Newsgroups: comp.speech
Path: cantaloupe.srv.cs.cmu.edu!rochester!udel!gatech!swrinde!pipex!uunet!psinntp!sunsrvr6!adw
From: adw@cci.com (Derrick Williams)
Subject: Speaker Independent Developer's Kits?
Message-ID: <D7LLEu.GJC@sunsrvr6.cci.com>
Sender: root@sunsrvr6.cci.com (Operator)
Organization: Northern Telecom, Network Application Systems
Date: Tue, 25 Apr 1995 15:52:05 GMT
Lines: 73


 Hello! 

 I've been following this group for some time, and I'm interested in a
developer's kit for a speaker independent voice recognition system. My
application is to help hard of hearing students to use the telephone.

 "hard of hearing" as opposed to "deaf" usually refers to people who have
some hearing (often with the help of hearing aids), but because of nerve
damage and so forth, can't distingush speech without clues, such as lipreading.

 Telephones pose an interesting challenge, as there is no clues other than
sound. Many of today's systems can distinguish sounds better than many
hard of hearing people, and my group has several ideas of implementing a
hints based system.

 Total accuracy isn't really important, although it would be nice :-). 
Our studies have shown that most students, when given a sentence to listen
to, and a card with the sentence spelled out in syllables, understood the
sentence perfectly. When given one sentence, and several cards, almost
everyone picked the correct one. Students performed much better with
cards with distorted syllables, missing syllables, misleading syllables,
and extra syllables, than given no syllables at all. It seems to follow
that "hard of hearing" people can't "hear" so much as "distinguish". I've
glossed over a lot of the details: some students got lost with cards
frequently, but benefited when each syllable was pointed out in turn, and
the stress was not in comprehension, but rather "listening in contex"
exercises.

 Well, getting back to the point, my group has some extra money to try
to implement these ideas in a real-time system to see if we can help
students use telephones. I know about $500 can be spent, but as much as
$1000 could be earmarked if the technology looks promising. If the 
experiment works out well, some educational software could be developed
(ie, "Talking to the Bank", what kinds of words do banks use? Here's 
what they sound like, and let's practice listening for them, let's practice
feedback techniques to the bank officer, etc...) and polishing it up as
technology improves.

 I have a 486DX2 66 to use, and currently, I have my eye on IBM's 
Continuous Speech Series (ICSS) (not to be confused with VoiceType, a
different product). However, I have heard mention of Speech System's
Phonetic Engine 400 and 500, as well as Kurtzweil and other products.

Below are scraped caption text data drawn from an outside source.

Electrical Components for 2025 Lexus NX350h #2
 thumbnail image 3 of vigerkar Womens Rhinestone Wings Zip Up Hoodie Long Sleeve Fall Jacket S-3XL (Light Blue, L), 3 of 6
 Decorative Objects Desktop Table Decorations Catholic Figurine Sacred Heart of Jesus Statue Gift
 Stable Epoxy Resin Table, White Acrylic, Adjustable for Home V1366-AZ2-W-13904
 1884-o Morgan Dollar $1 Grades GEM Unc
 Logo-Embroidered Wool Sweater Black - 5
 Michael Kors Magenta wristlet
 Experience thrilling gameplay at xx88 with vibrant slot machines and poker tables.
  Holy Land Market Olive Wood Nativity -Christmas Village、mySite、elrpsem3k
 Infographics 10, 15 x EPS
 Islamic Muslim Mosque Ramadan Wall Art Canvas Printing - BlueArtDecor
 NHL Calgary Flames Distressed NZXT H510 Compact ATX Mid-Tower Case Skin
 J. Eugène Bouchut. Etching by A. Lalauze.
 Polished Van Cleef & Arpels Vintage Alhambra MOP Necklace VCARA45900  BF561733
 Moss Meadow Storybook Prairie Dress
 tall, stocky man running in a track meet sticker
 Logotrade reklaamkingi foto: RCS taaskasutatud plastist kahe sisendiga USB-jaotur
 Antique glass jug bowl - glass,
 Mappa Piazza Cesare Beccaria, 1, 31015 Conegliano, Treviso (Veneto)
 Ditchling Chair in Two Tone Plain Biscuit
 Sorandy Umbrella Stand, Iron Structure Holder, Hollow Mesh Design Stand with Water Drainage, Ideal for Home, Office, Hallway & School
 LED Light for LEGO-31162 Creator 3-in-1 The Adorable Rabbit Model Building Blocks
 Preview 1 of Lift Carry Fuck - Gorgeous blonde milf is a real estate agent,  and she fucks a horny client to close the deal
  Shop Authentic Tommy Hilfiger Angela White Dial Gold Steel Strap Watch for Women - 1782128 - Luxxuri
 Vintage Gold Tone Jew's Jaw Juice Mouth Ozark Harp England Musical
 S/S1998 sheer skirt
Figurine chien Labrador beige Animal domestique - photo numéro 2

 Although ICSS is a structured speech system, we hope it will be accurate
enough to pick out syllables, or syllables that kind of sound like the
correct one, given the several thousand we have collected from transcripts
(closed captioning data from TV shows!) The developer's kit is attractive,
since it will allow us to experiment with several techniques that we have
thought up, or will think up in the future.

 The biggest plus for ICSS is that it only cost $400, and we can use the
rest of the money to buy memory, soundcards, microphones, and so forth.
However, none of us have any first hand experience with ICSS. The few
product reviews we've seen speak of ICSS in glowing terms, but again 
it's not clear if ICSS will fit in with what we want to do. On the other
hand, ICSS works under OS/2, which gives a possibility of having 
multi-threaded applications that will print out "here's what we have now"
data, and in a few seconds later, print out "here's what we think it was 
after having more time to mull it over" data.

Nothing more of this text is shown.